The Spectre is Still Roaming Around, Zagreb: Arkzin, 2000. This book/essay was written as the introduction to a 150th commemorative edition of Marx's The Communist Manifesto. Much of the material is a recapitulation of the ideas in the last chapter of The Ticklish Subject; however Zizek structures it around a consideration of the value of Marx's work today. He argues that, despite its revolutionary shortcomings, the Manifesto's analyzes of the destructive effects of capital are more aplicable to the world of late capitalism - a world in which the brutal imposition of a unified global market threatens all local ethnic traditions, including the very form of the nation-state - than they ever were when it was originally written.
NATO as the Left Hand of God, Zagreb: Arkzin, 2000. As with The Spectre Still Roaming Around, this book/essay focuses on Zizek's critique of the NATO bombing of former Yugoslavia.

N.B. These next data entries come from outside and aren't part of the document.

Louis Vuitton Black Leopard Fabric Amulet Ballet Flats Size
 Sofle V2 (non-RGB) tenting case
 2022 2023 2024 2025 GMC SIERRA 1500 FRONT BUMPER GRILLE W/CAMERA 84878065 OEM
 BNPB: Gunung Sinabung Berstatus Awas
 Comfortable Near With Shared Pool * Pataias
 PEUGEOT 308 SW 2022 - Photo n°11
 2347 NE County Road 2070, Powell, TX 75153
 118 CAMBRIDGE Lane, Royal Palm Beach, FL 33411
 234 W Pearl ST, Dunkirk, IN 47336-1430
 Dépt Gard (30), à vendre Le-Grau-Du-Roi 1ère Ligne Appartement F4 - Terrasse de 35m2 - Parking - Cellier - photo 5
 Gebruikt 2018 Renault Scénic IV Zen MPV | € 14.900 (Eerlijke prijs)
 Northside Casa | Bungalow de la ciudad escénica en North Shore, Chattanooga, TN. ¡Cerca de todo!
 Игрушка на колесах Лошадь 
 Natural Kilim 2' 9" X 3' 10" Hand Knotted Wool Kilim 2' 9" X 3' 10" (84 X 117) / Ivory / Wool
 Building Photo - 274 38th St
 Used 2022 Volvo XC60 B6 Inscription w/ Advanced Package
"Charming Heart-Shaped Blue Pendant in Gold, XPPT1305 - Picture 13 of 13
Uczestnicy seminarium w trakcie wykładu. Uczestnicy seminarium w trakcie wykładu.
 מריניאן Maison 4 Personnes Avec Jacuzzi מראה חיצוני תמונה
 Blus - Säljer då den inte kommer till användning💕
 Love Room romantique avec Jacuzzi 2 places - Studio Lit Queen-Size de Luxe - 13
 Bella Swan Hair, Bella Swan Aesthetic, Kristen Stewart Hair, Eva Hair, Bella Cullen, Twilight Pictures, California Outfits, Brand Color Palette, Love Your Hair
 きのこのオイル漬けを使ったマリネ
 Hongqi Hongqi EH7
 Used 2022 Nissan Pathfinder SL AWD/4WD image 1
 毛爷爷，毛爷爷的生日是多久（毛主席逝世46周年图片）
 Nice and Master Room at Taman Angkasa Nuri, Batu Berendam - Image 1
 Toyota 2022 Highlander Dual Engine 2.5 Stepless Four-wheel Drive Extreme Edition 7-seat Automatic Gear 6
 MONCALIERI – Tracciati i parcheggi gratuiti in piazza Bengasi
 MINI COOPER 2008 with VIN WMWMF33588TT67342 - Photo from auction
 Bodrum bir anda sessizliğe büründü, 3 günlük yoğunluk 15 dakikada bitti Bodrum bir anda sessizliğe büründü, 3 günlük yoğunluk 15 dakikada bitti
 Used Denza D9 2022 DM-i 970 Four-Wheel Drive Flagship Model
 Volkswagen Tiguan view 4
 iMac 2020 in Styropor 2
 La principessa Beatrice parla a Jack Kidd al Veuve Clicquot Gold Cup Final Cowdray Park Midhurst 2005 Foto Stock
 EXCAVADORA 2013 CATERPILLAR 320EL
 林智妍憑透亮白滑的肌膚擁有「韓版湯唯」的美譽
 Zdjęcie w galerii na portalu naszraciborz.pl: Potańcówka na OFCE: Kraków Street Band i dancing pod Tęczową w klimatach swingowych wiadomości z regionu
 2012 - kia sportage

According to him, this action dramatized a false alternative between the New World Order and the neo-racist nationalists opposing it. For Zizek, on the other hand, these are the two sides of the same coin - the New World Order, in which NATO is the military arm of multinational capitalism, itself breeds the monstrosities, such as Slobodan Milosevic, that it fights.
Did Somebody Say Totalitarianism? Five Essays in the (Mis)Use of a Notion, New York: Verso, 2001. This combative book argues that totalitarianism is an ideological notion which has been used by the liberal democratic consensus to impugn the political left's critique of that consensus with the atrocities of the political right, thereby disabling effective political thought. Zizek examines five aspects of totalitarianism and concludes that the problem with the notion is the very thing that makes such a designation possible in the first place - the liberal democratic consensus (among whose members he includes just about everybody, damning tham as a bunch of "conformist scoundrles"). This work is more explicitlly political in its content, ending as it does with the refrain for increased socialization "in some form or another."
The Fright of Real Tears: Krzysztof Kieslowski between Theory and Post-theory, Bloomington: Indiana University Press, 2001. This book is an intervention in the on-going debate in the field of film studies which is split between Theory (anything loosely affiliated with structuralism and post-structuralism) and Post-theory (anything loosely affiliated with a dislike of structuralism and post-structuralism). The main cause for antipathy for the Post-theorists is the dominance of crtain Lacanian concepts in the field of film studies. Zizek's argument here, through the reading of Kieslowski's flims, is that these Lacanian concepts were employed piecemeal without either due regard for their philosophical matrix or for thier implications. Zizek methodologically debunks the lamentable conclusions of Post-theory as he explains the workings and value of Lacan's insights.
On Belief, New York: Routledge, 2001. Zizek returns to the territory of The Fragile Absolute in what he describes as a "self-critical" mood. Although advertized as an analysis of belief, the main concept concept in the book is the call for a politics of the ethical act, one which rejects the comforts of pragmatism and repeats the hard-line and unrepentant ethic of Saint Paul and Lenin. As such this represents one of Zizek's entreaties for us to leap into the "night of the world". This accessible book can be profitably read with little prior knowledge of Zizek's work.